The problem here is to get the keys. After running the script once, I noticed the files were generated with random whitespaces before the "=" symbol (before or after the key). I can't change the generator, so I had to change the script.
I tried three variations of it:
A - sed on the line:
lineFile1=`awk "NR==${currLine1}" file1_sorted`
keyFile1=`echo $lineFile1 | sed -e 's/\s*\(\S*\)\s*=.*/\1/g'`
This sed gets all the non whitespaces characters left from the equal sign.

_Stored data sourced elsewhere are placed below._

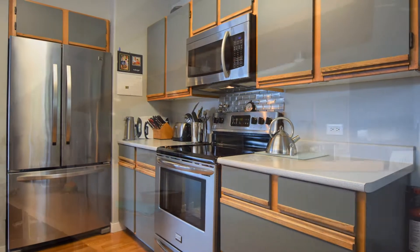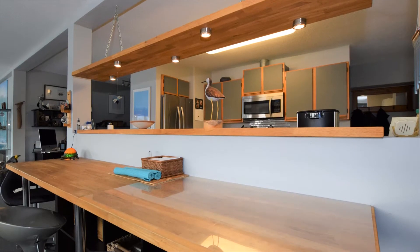The main level offers two bedrooms, a bright spacious living room and dining room, and a wall of windows that brings the outside in.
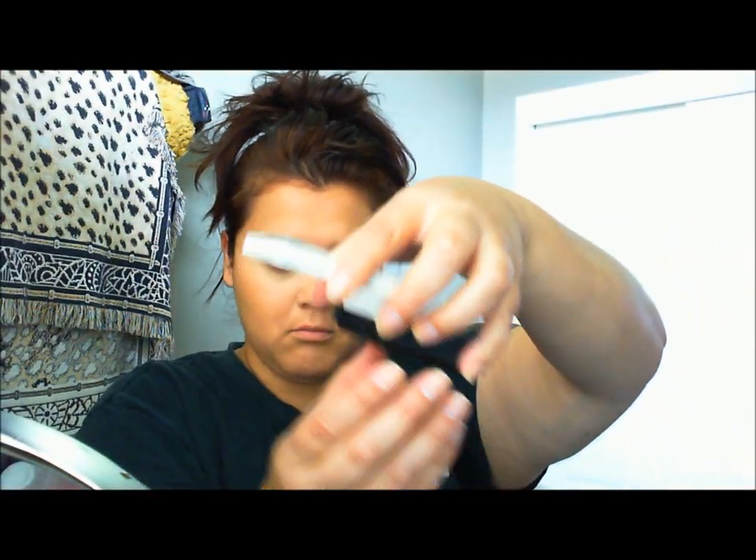So I did have to go back and conceal, which is fine. I prefer a medium coverage foundation over a full coverage foundation because I don't like to look cakey at all.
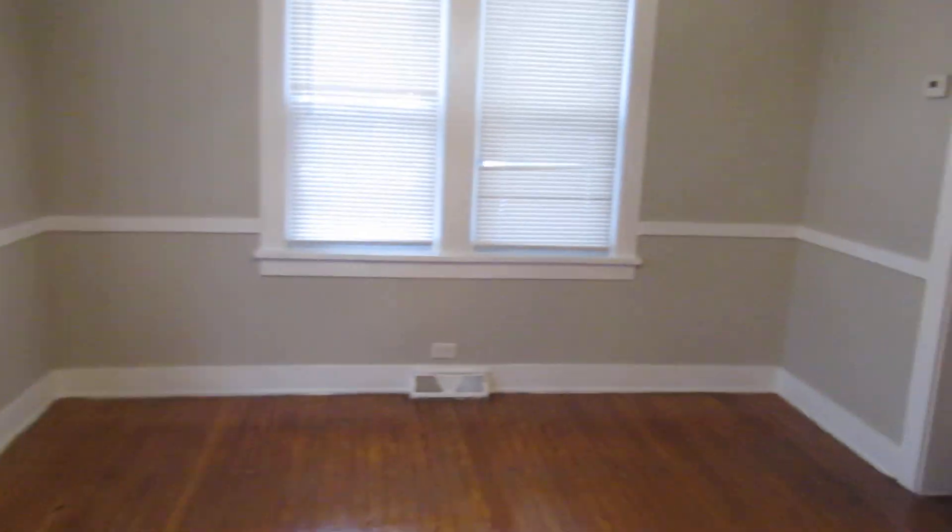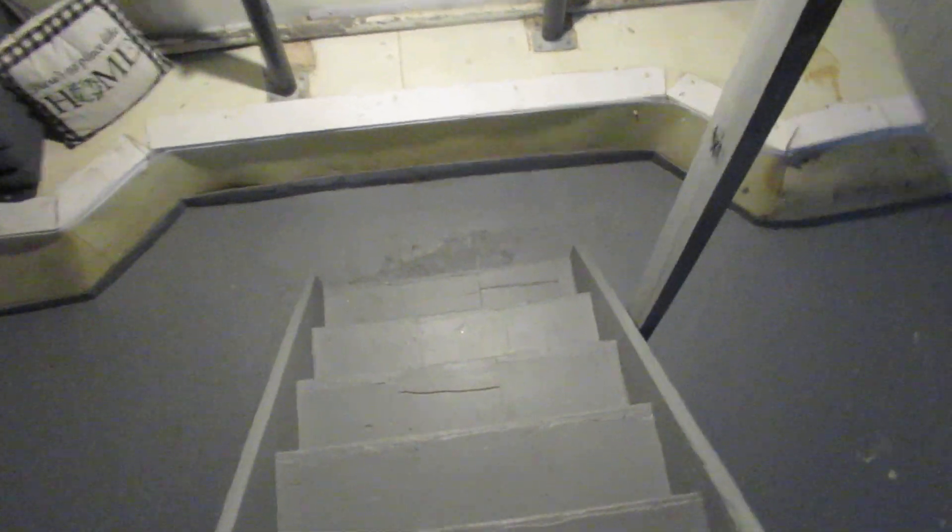This house also has a nice basement downstairs. We painted the stairs — this is a great place to live. Washer and dryer in the basement, along with your heater. Just a good storage area and washer/dryer area.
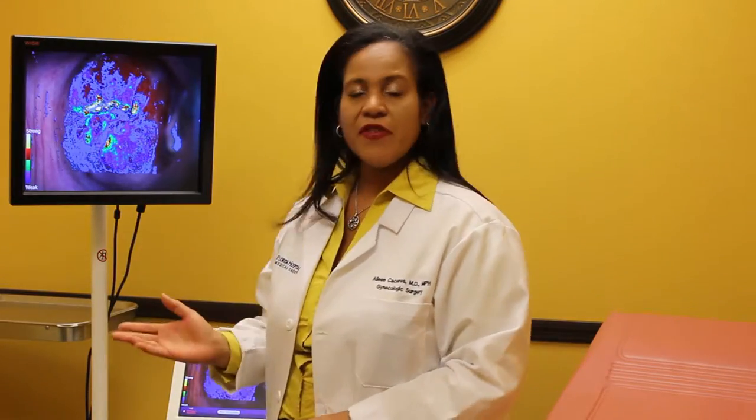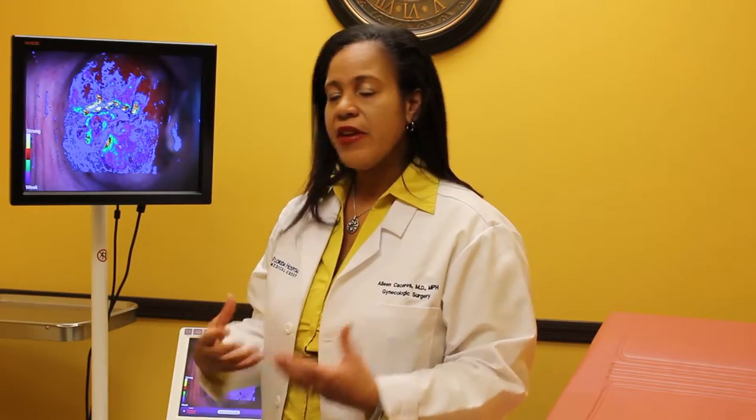Standard colposcopy offers challenges: inter-observer variability and differences in visualization. The DICES offers a standardized way of looking at the cervix and those lesions in a very concrete manner, where we can teach about them and understand them further.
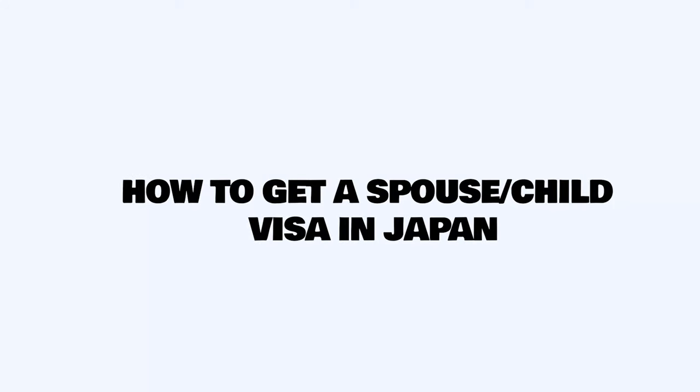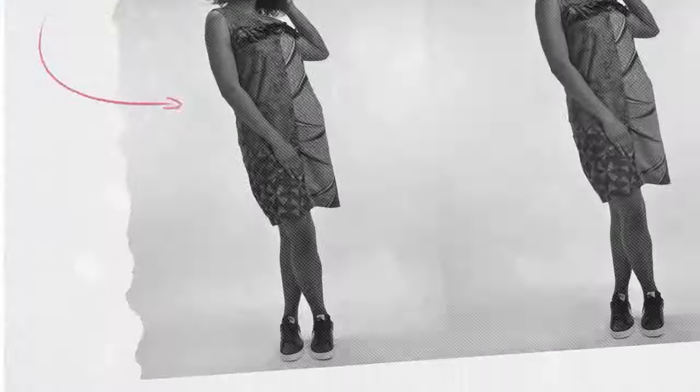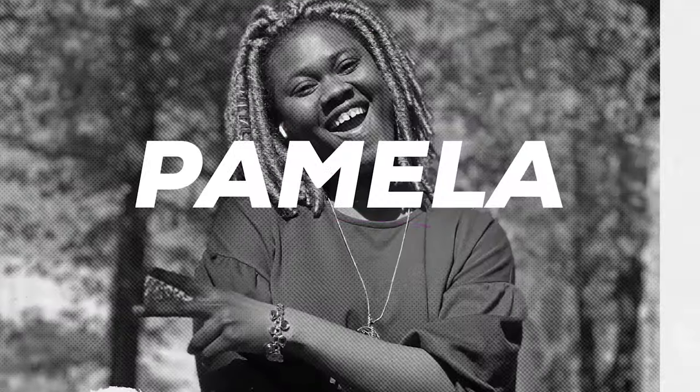Hello everyone. My name is Ame Amadi. I'm going to be listing out a couple of things that you should have handy before you begin the process.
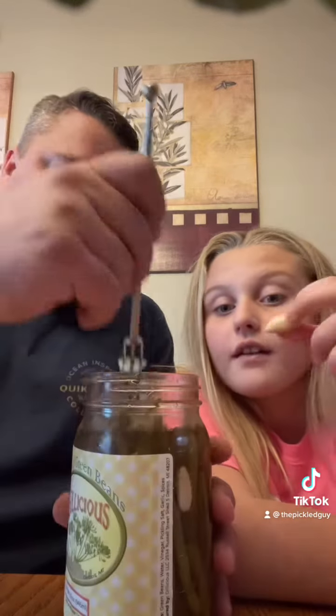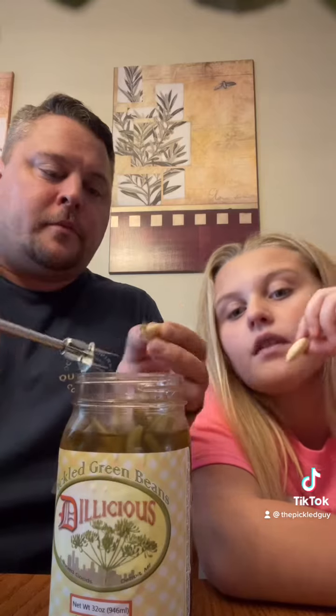Let's try the garlic. I think I like these a little bit better than the actual pickles. Oh, that's crunchy garlic. That's a pretty sour garlic, too. I think that got more sour garlic than the pickles did, but the pickles were more sour than the green beans. Really weird.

As you might imagine, that took an awful lot of time.
real 0m1.030s
user 0m0.996s
sys 0m.028s
This is clearly not acceptable, since I have to do the operation over 20k lines.
So I tried option B:
B - using cut on each line
lineFile1=`awk "NR==${currLine1}" file1_sorted`
keyFile1=`echo $lineFile1 | cut -d '=' -f 1 | sed -e 's/\s//g'`
That wasn't that much better...
real 0m0.659s
user 0m0.632s
sys 0m0.028s
Still not acceptable.
So I browsed a bit this forum, read somewhere that "cat foo | bar" wasn't recommended, and changed a bit of the code.
I didn't need that lineFile1 there, so there was no point in retrieving it.
I added
cut -d '=' -f 1 file1_sorted > file1_keys_sorted
before my calls, and I'm now using
keyFile1=`awk "NR==${currLine1}" file1_keys_sorted`
to get the key.
This is way better:
real 0m0.043s
user 0m0.032s
sys 0m0.008s
The problem is ... it's still taking too much time. From my logs, I'm approximatilvely processing 20 lines per second, which means one loop takes ~0.050 sec (this includes the awk I'm running on the file1_sorted file to get the output). This also means 15 min for a 20k lines input.
Is there some way of speeding up that process? (clearly, the bottleneck is this getting the line thing)
Thanks!
PS: For some reason, the process is only taking 8% of my CPU at max. Are there some commands that are slow? (echo, perhaps?)